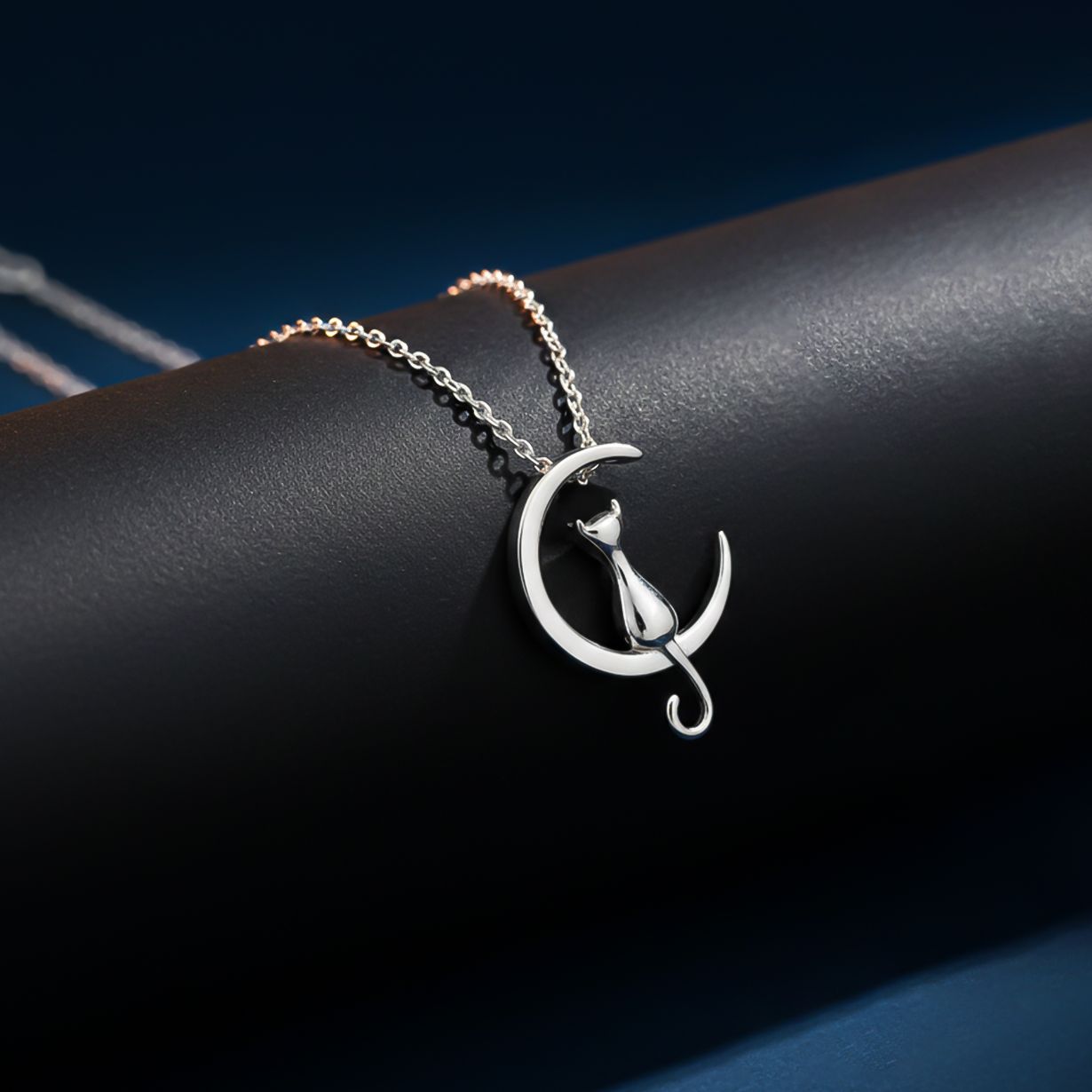 Silver Dreamy Moon Cat Pendant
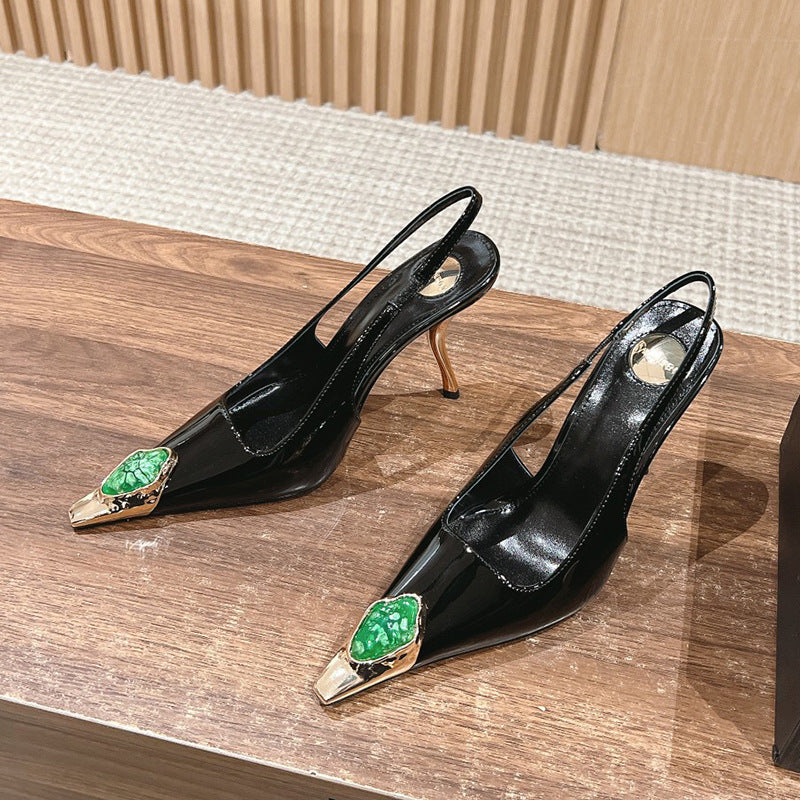 Pointed Toe Jeweled High Heels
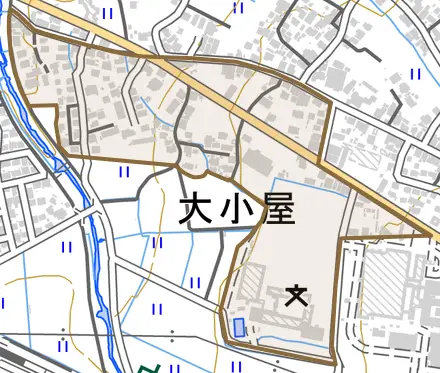 大字大小屋とその周辺の地図。町の範囲を重ねている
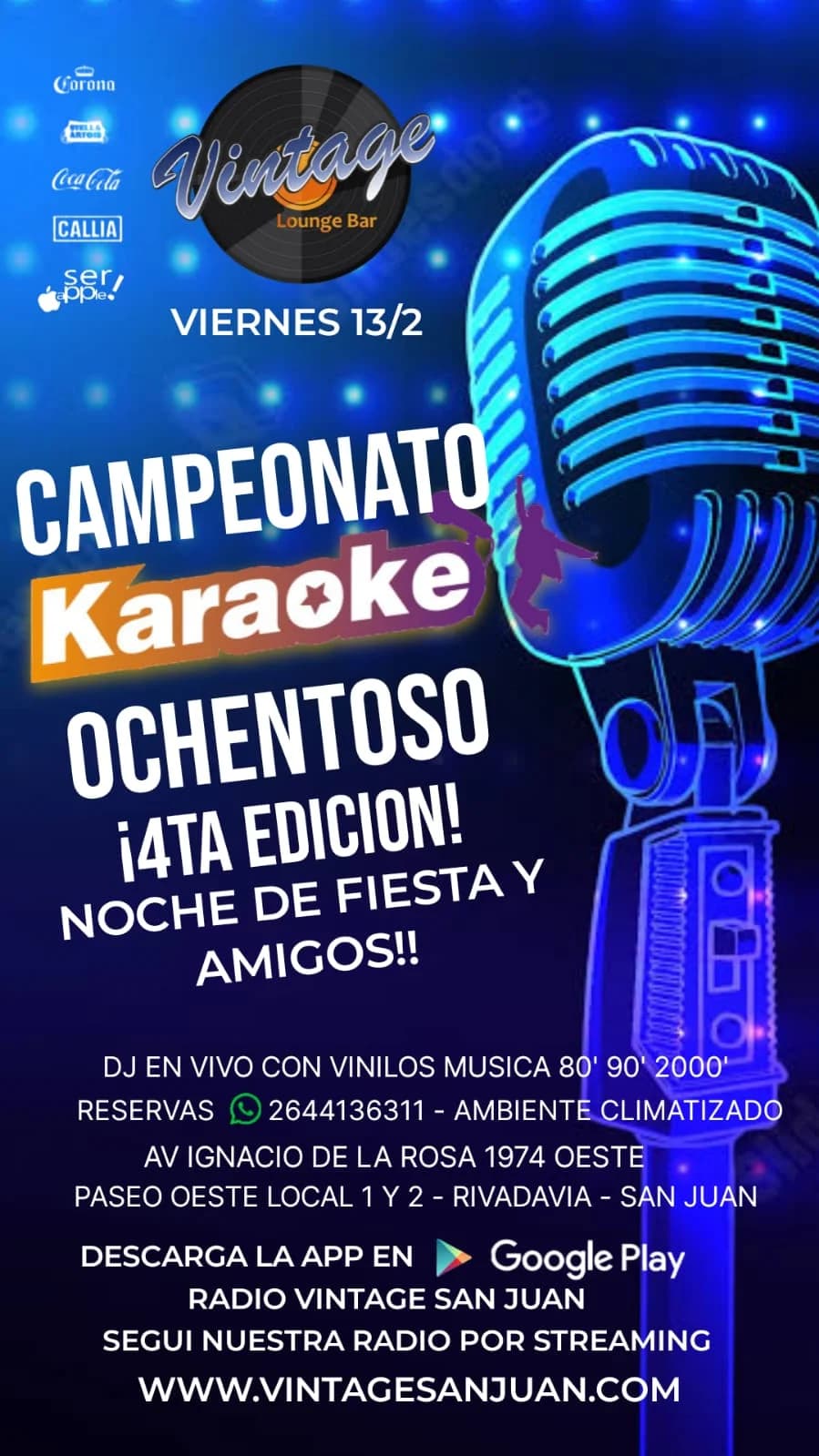 Campeonato de Karaoke Ochentoso - 4ta Edicion - Evento en San Juan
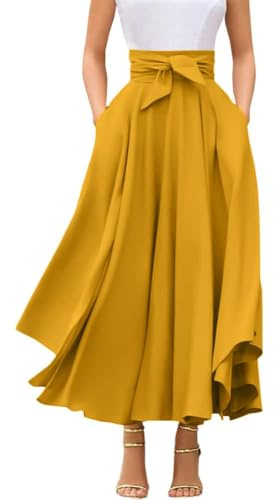 chouyatou Women's Elegant High Waisted Side Slit Irregular Bohemian Maxi Skirt with Pockets (Small, Yellow)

◇ ◇ ◇

• What the exercise asks: Leaving the pictures aside, transcribe exactly the lines from the one containing "Campeonato de Karaoke" to the final line of the entries above, both ends included.

• Answer to the exercise:
 Campeonato de Karaoke Ochentoso - 4ta Edicion - Evento en San Juan
 chouyatou Women's Elegant High Waisted Side Slit Irregular Bohemian Maxi Skirt with Pockets (Small, Yellow)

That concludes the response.